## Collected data
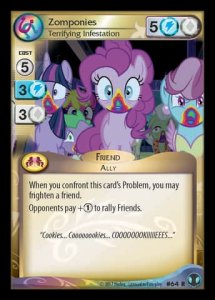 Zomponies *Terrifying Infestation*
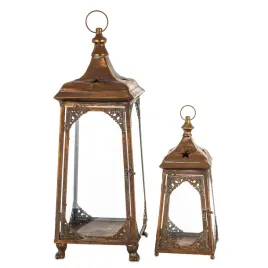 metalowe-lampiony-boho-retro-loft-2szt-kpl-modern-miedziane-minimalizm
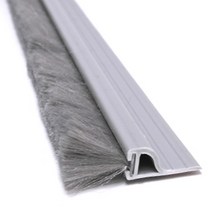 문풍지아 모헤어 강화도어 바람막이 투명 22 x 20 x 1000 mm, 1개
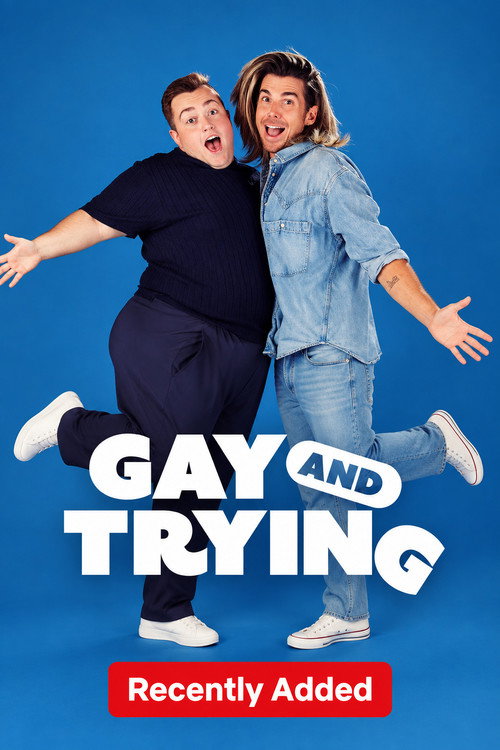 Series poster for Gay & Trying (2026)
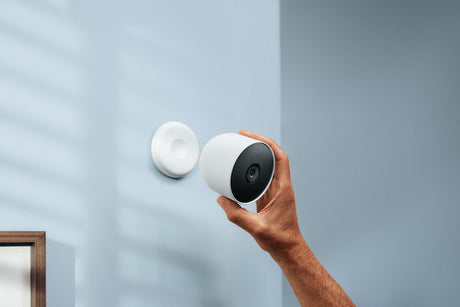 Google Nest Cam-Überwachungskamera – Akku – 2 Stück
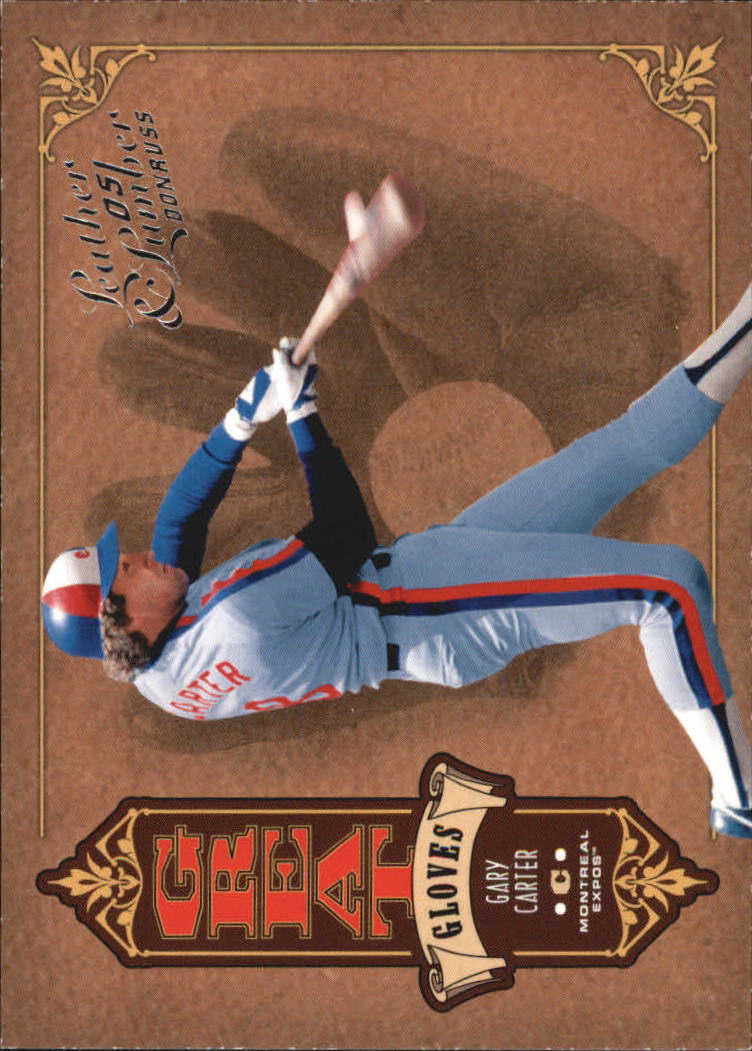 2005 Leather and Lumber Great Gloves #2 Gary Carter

--

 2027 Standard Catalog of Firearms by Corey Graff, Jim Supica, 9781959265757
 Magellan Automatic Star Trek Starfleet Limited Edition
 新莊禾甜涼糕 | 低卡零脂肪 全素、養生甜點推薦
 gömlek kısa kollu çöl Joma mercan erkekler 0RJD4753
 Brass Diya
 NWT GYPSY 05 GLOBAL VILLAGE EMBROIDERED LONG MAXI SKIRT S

## Exercise goal
The data above holds the lines to copy: start at the one with "Google Nest Cam-Überwachungskamera", stop at the one with "2005 Leather and", include both, copy them exactly without pictures, and copy nothing else.

## Solution below
 Google Nest Cam-Überwachungskamera – Akku – 2 Stück
 2005 Leather and Lumber Great Gloves #2 Gary Carter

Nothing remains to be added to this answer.